(WORK TASK)
An exact copy of the data is required, with no pictures in it.

(MATERIAL PROVIDED)

================================

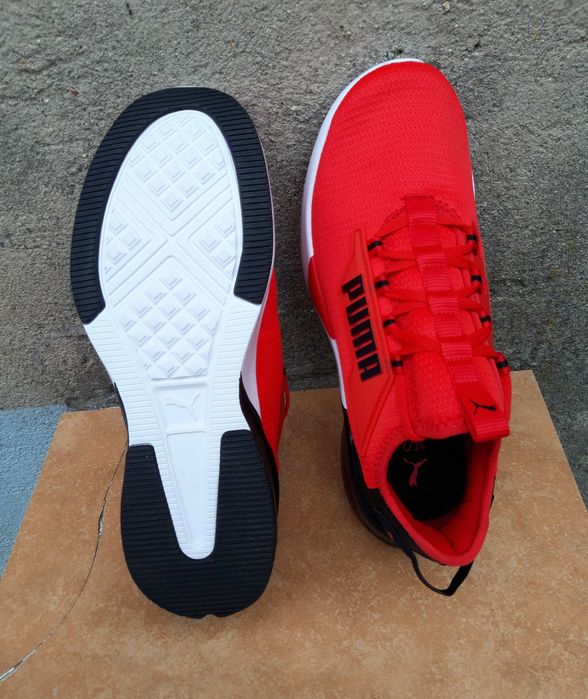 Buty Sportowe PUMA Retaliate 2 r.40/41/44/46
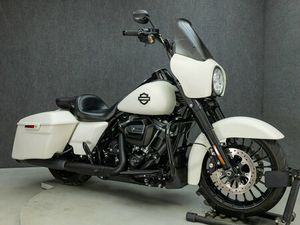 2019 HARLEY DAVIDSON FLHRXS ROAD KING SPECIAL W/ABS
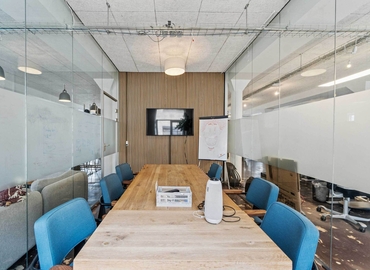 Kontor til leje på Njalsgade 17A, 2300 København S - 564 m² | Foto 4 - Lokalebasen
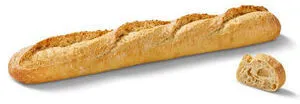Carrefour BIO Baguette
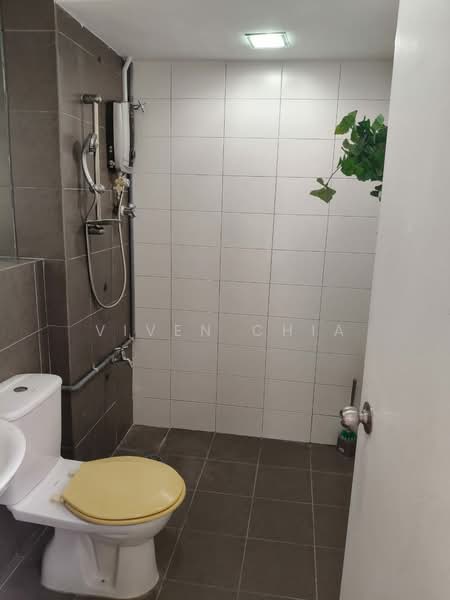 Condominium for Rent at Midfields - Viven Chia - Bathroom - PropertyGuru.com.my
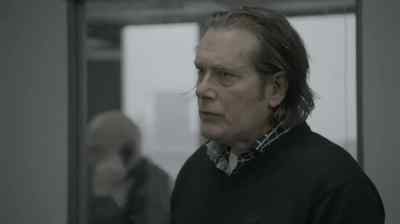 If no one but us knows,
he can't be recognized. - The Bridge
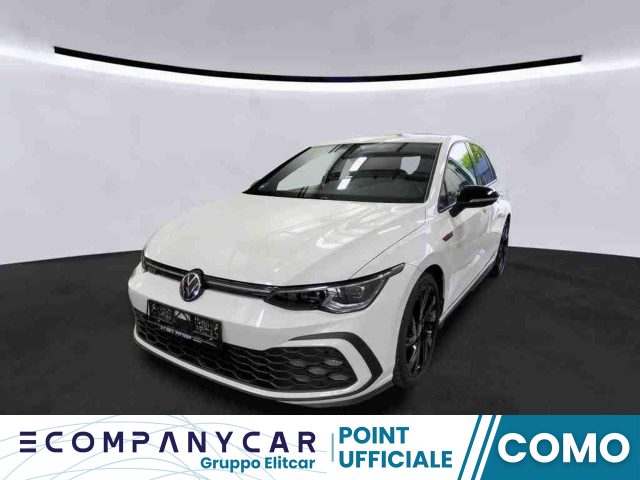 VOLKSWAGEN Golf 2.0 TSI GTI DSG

================================

(REPLY TO THE TASK)
 Buty Sportowe PUMA Retaliate 2 r.40/41/44/46
 2019 HARLEY DAVIDSON FLHRXS ROAD KING SPECIAL W/ABS
 Kontor til leje på Njalsgade 17A, 2300 København S - 564 m² | Foto 4 - Lokalebasen
Carrefour BIO Baguette
 Condominium for Rent at Midfields - Viven Chia - Bathroom - PropertyGuru.com.my
 If no one but us knows,
he can't be recognized. - The Bridge
 VOLKSWAGEN Golf 2.0 TSI GTI DSG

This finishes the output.